# Goodbye twinscrew hello turbo, which turbo to use



## cifdig (Jun 4, 2005)

So as much as i love the twinscrew bbm setup it's getting to hard to replace and more expensive. My charger went 2 months ago bought another one from a friend and that went to so I'm sad to say but I'm done with it. So now the question is what turbo to get. Motor is fully Wrked with ported and polished big valve big dual pattern cam. I'm interested in a gt2871r - gt2876r and I believe I would have to change the hot side to a t3 flange (please correct me if I'm wrong) so that it bolts up to the 8v mani. My power goals 250- 270whp with decent spool. And looking to stay internal wastegated. Thanxin advance for any insight on turbo selection or anything... Some finished pix


----------



## Big_Tom (Aug 19, 2007)

skip the 2876. either get a 2871r, or gt3071r... or of course you could always 50 trim it...


----------



## VWBugman00 (Mar 17, 2009)

And for faster spool, you could use the gt2860. It's good to 350hp, and has very quick spooling characteristics.


----------



## cifdig (Jun 4, 2005)

Thanx for the input fellas, gt30 is intimidating to me lol, I thought it would be laggy, but I'm research it now, gt2860 sounds nice as well. I game across the gtx series but feel that maybe there not worth that much bread. Im looking for the power band to hold up to atleast 6500rpm I don't want to peak fast then drop off. I guess the head wrk will keep that from happening.


----------



## Big_Tom (Aug 19, 2007)

cifdig said:


> Thanx for the input fellas, gt30 is intimidating to me lol, I thought it would be laggy, but I'm research it now, gt2860 sounds nice as well. I game across the gtx series but feel that maybe there not worth that much bread. Im looking for the power band to hold up to atleast 6500rpm I don't want to peak fast then drop off. I guess the head wrk will keep that from happening.
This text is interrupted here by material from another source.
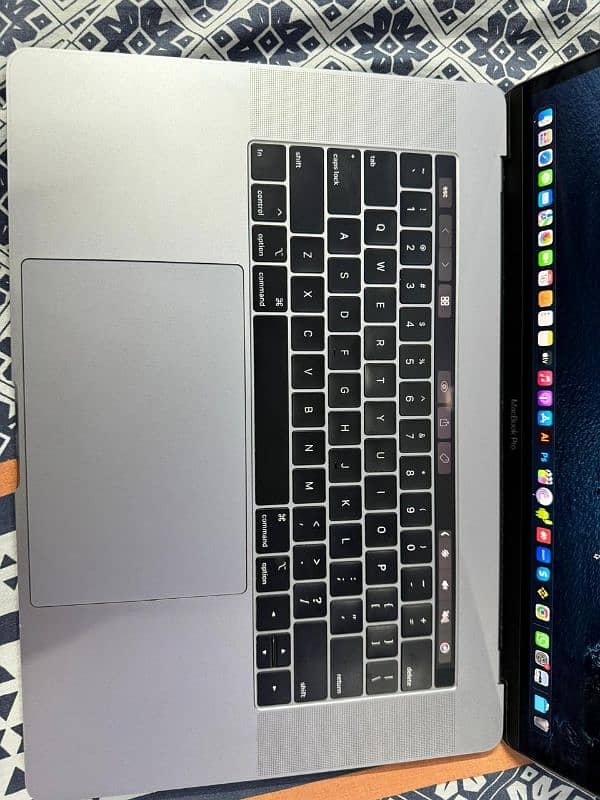 MacBook Pro 2019 15" 1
stick with the 2871r :beer:


----------



## cifdig (Jun 4, 2005)

As far as specifics with the gt2871 should I opt for a certain a/r and would a t3 adaptor plate be good enough To bolt with the kinetics mani and down pipe?


----------



## Big_Tom (Aug 19, 2007)

cifdig said:


> As far as specifics with the gt2871 should I opt for a certain a/r and would a t3 adaptor plate be good enough To bolt with the kinetics mani and down pipe?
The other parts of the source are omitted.